[Appendix B] B.2 Language Summary for awk

B.2 Language Summary for awk

This section summarizes how awk processes input records and describes the various syntactic elements that make up an awk program.

Each line of input is split into fields. By default, the field delimiter is one or more spaces and/or tabs. You can change the field separator by using the -F command-line option. Doing so also sets the value of FS. The following command-line changes the field separator to a colon:

awk -F: -f awkscr /etc/passwd

You can also assign the delimiter to the system variable FS. This is typically done in the BEGIN procedure, but can also be passed as a parameter on the command line.

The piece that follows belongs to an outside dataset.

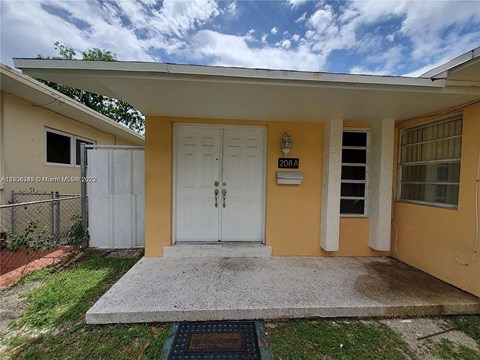 A yellow house with a white door and a small porch.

awk -f awkscr FS=: /etc/passwd

Each input line forms a record containing any number of fields. Each field can be referenced by its position in the record. "$1" refers to the value of the first field; "$2" to the second field, and so on. "$0" refers to the entire record. The following action prints the first field of each input line:

{ print $1 }

The default record separator is a newline. The following procedure sets FS and RS so that awk interprets an input record as any number of lines up to a blank line, with each line being a separate field.

BEGIN { FS = "\n"; RS = "" }

It is important to know that when RS is set to the empty string, newline always separates fields, in addition to whatever value FS may have. This is discussed in more detail in both The AWK Programming Language and Effective AWK Programming.

B.2.2 Format of a Script

An awk script is a set of pattern-matching rules and actions:

pattern { action }

An action is one or more statements that will be performed on those input lines that match the pattern. If no pattern is specified, the action is performed for every input line. The following example uses the print statement to print each line in the input file:

{ print }

If only a pattern is specified, then the default action consists of the print statement, as shown above.

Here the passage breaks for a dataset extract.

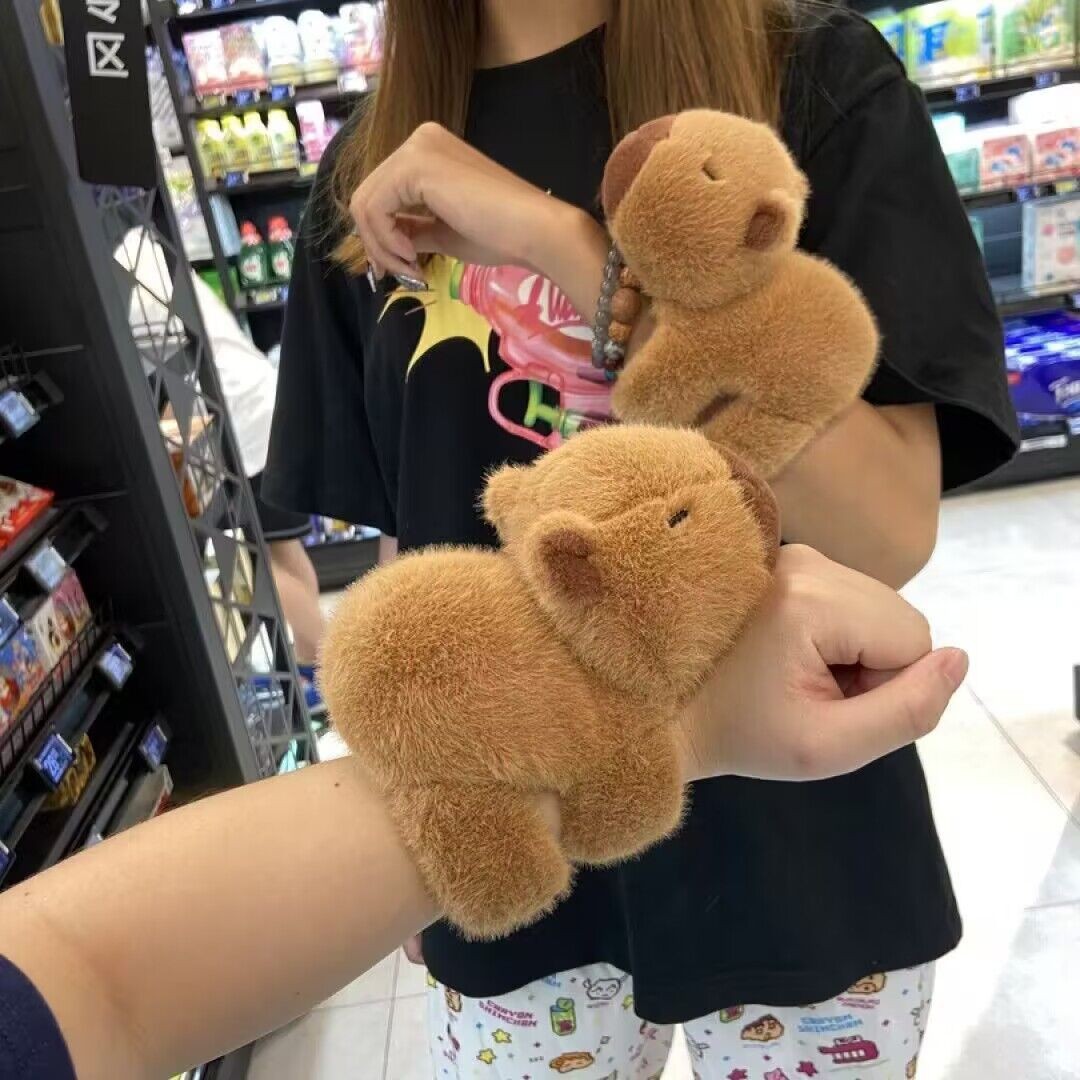 1-10PCS Kapibara 봉제 인형 Kapi Bara 물 돌고래 인형 인형 인형 손목 스냅 링 장난감 플러시 장난감의 손에 누워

Function definitions can also appear:

function name (parameter list) { statements }

This syntax defines the function name, making available the list of parameters for processing in the body of the function. Variables specified in the parameter-list are treated as local variables within the function. All other variables are global and can be accessed outside the function. When calling a user-defined function, no space is permitted between the name of the function and the opening parenthesis. Spaces are allowed in the function's definition. User-defined functions are described in Chapter 9, Functions.

B.2.2.1 Line termination

A line in an awk script is terminated by a newline or a semicolon. Using semicolons to put multiple statements on a line, while permitted, reduces the readability of most programs. Blank lines are permitted between statements.

Program control statements (do, if, for, or while) continue on the next line, where a dependent statement is listed. If multiple dependent statements are specified, they must be enclosed within braces.

if (NF > 1) {
	name = $1
	total += $2
}

You cannot use a semicolon to avoid using braces for multiple statements.

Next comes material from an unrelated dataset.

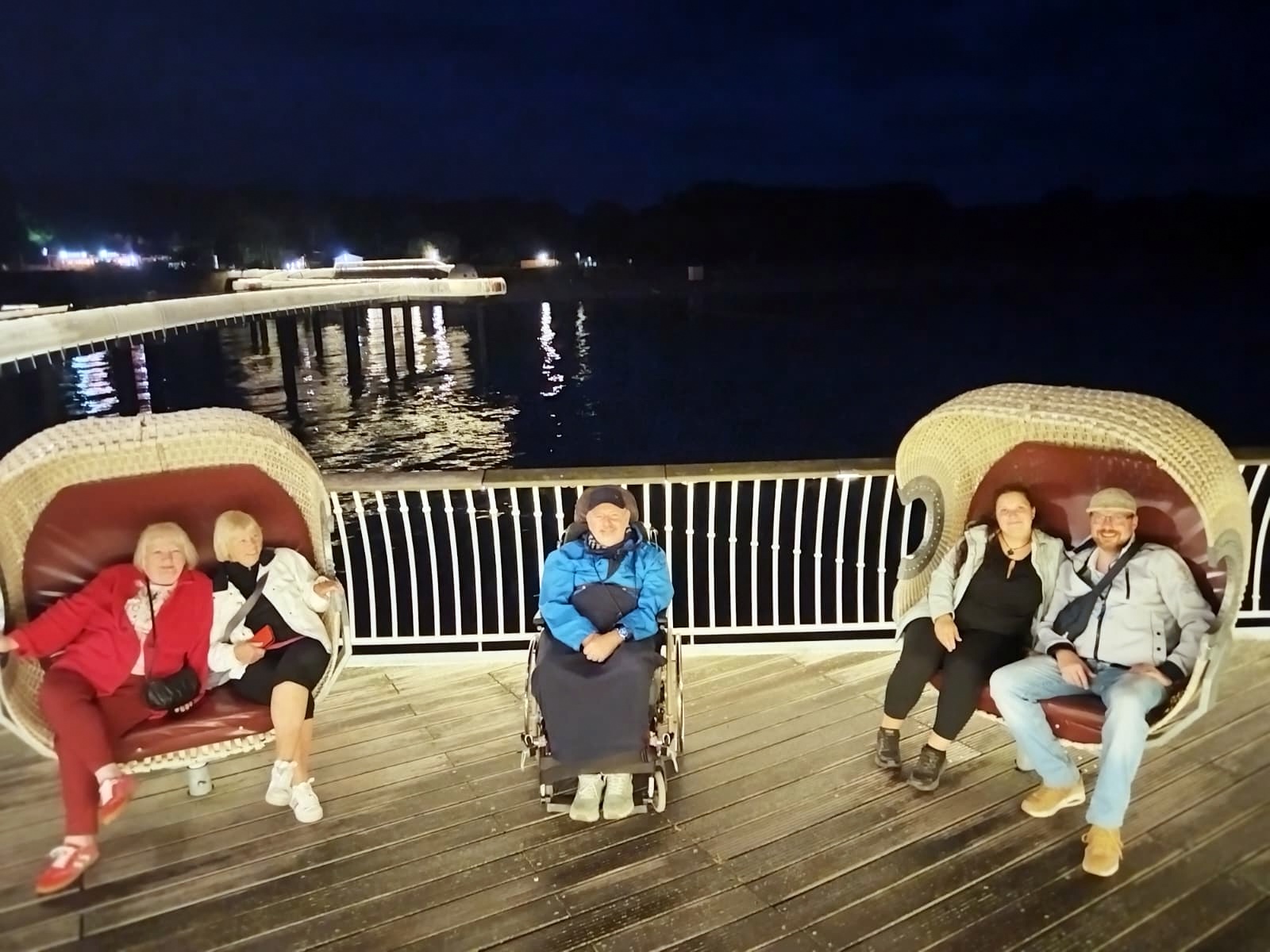 Personen auf Sesseln auf der Seebrücke bei Nacht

You can type a single statement over multiple lines by escaping the newline with a backslash (\). You can also break lines following any of the following characters:

, { && ||

Gawk also allows you to continue a line after either a "?" or a ":". Strings cannot be broken across a line (except in gawk, using "\" followed by a newline).

B.2.2.2 Comments

A comment begins with a "#" and ends with a newline. It can appear on a line by itself or at the end of a line. Comments are descriptive remarks that explain the operation of the script. Comments cannot be continued across lines by ending them with a backslash.

B.2.3 Patterns

A pattern can be any of the following:

/regular expression/
relational expression
BEGIN
END
pattern, pattern

Regular expressions use the extended set of metacharacters and must be enclosed in slashes. For a full discussion of regular expressions, see Chapter 3, Understanding Regular Expression Syntax.
Relational expressions use the relational operators listed under "Expressions" later in this chapter.
The BEGIN pattern is applied before the first line of input is read and the END pattern is applied after the last line of input is read.
Use ! to negate the match; i.e., to handle lines not matching the pattern.
You can address a range of lines, just as in sed:
pattern, pattern
Patterns, except BEGIN and END, can be expressed in compound forms using the following operators:
&& Logical And
|| Logical Or
Sun's version of nawk (SunOS 4.1.x) does not support treating regular expressions as parts of a larger Boolean expression. E.g., "/cute/ && /sweet/" or "/fast/ || /quick/" do not work.
In addition the C conditional operator ?: (pattern ? pattern : pattern) may be used in a pattern.
Patterns can be placed in parentheses to ensure proper evaluation.
BEGIN and END patterns must be associated with actions. If multiple BEGIN and END rules are written, they are merged into a single rule before being applied.

B.2.4 Regular Expressions

Table 13.2 summarizes the regular expressions as described in Chapter 3. The metacharacters are listed in order of precedence.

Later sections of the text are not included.